The CES is an application of SGML (ISO 8879:
1986, Information Processing–Text and Office
Systems–Standard Generalized Markup Language). It is based on and in broad agreement with the
TEI Guidelines for Electronic Text Encoding and
Interchange. The TEI Guidelines were expressly
designed to be applicable across a broad range of
applications and disciplines and therefore treat not
only a vast array of textual phenomena, but are
also designed with an eye toward the maximum of
generality and flexibility. The CES, on the other
hand, treats a specific domain and set of applications, and can therefore be more restrictive and
prescriptive in its specifications. In addition, because the TEI is not complete, there are some areas
of importance for corpus encoding that the TEI
Guidelines do not cover. Therefore, the first major
task in developing the CES has involved evaluating, adapting, selecting from, and extending the
TEI Guidelines to meet the specific needs of corpus-based work.
Overview of the CES
In its present form, the CES provides the following:
• a set of metalanguage level recommendations (particular profile of SGML use, character sets, etc.);
• tagsets and a DTD for documentation of the
encoded data;
• tagsets, DTDs, and recommendations for encoding textual data, including written texts
across all genres, for the purposes of corpusbased work in language engineering.
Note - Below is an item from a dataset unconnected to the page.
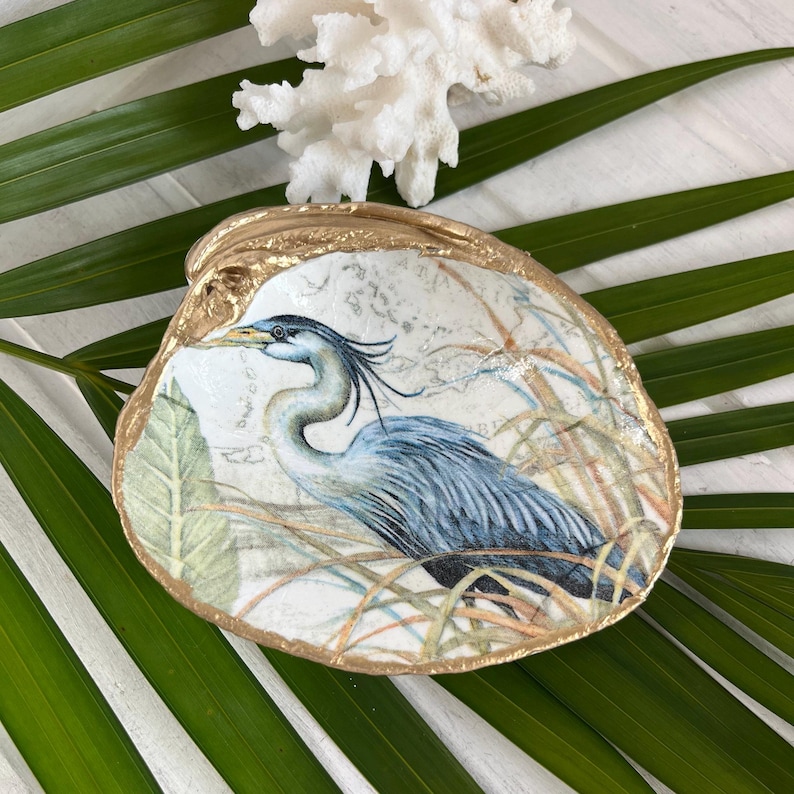 Pu&ograve; includere: Un piatto decorativo a forma di conchiglia con un'illustrazione dettagliata di un airone blu e grigio tra erbe alte. La conchiglia presenta una superficie interna bianca liscia e un bordo dipinto in oro metallizzato, dal look costiero.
The significant differences between the CES and
the TEI are:
• The CES does not adopt the TEI strategy of
building a single, large DTD using various
modules (see Burnard, 1995). Instead, the
CES comprises a set of individual DTDs for
use with different documents.
• CES headers are stored independently of the
text, in a central directory, in a separate
SGML document with its own DTD.
Types of information covered by the CES
We distinguish three broad categories of information which are of direct relevance for the encoding
of corpora for use in corpus linguistics.
A. Documentation
This includes global information about the text, its
content, and its encoding. For example:
• bibliographic description of the document;
• documentation of character sets and entities;
• description of encoding conventions; etc.
B. Primary data
Within the primary data, we distinguish two types
of information:
• Gross structure: This includes universal text
elements down to the level of paragraph,
which is the smallest unit that can be identified language-independently; for example:
– structural units of text, such as volume,
chapter, etc., down to the level of paragraph; also footnotes, titles, headings, tables, figures, etc.;
– features of typography and layout, for previously printed texts: e.g., list item markers;
– non-textual information (graphics, etc.).
etc.
• Sub-paragraph structures: This includes elements appearing at the sub-paragraph level
which are usually signalled (sometimes ambiguously) by typography in the text and
which are language-dependent; for example:
– orthographic sentences, quotations;
– orthographic words;
– abbreviations, names, dates, highlighted
words; etc.
C. Linguistic annotation
This type of information enriches the text with the
results of some linguistic analyses; most often in
language engineering applications, such analysis
is at the sub-paragraph level. For example:
• morphological information;
• syntactic information (e.g., part of speech,
parser output);
• alignment of parallel texts;
• prosody markup; etc.
Encoding documentation
As noted above, the CES header is stored in a
separate SGML document with its own DTD, and
all text headers for the corpus are stored in a central
directory together with a corpus header describing
the corpus as a whole. This strategy has the following advantages:
• Parts or all of a corpus may be stored in
different directories or in remote sites, while
information about the component texts is
retained in a single repository.
• The header can have a DTD which is different from the DTD for the text, which in turn
– enables a modularity that SGML does not
provide, so that it is possible to define the
content of elements common to the header
and text (e.g., title, author, etc.) in a way
which is appropriate to each context, and
so that changes to the same element in one
context do not affect the other.
– in those cases where it is appropriate, enables using the TEI header with a CES
conformant text.
– can faciliate processing by corpus-handling tools, for which the header is often
irrelevant, since the text can be easily
handled separately.
– conversely, it enables using the CES header with an SGML-encoded text which is
not itself CES conformant; this is advantageous in the early stages of corpus preparation, where the text may temporarily
be in a freer SGML format such as Rainbow, TEI Lite, FORMEX, etc.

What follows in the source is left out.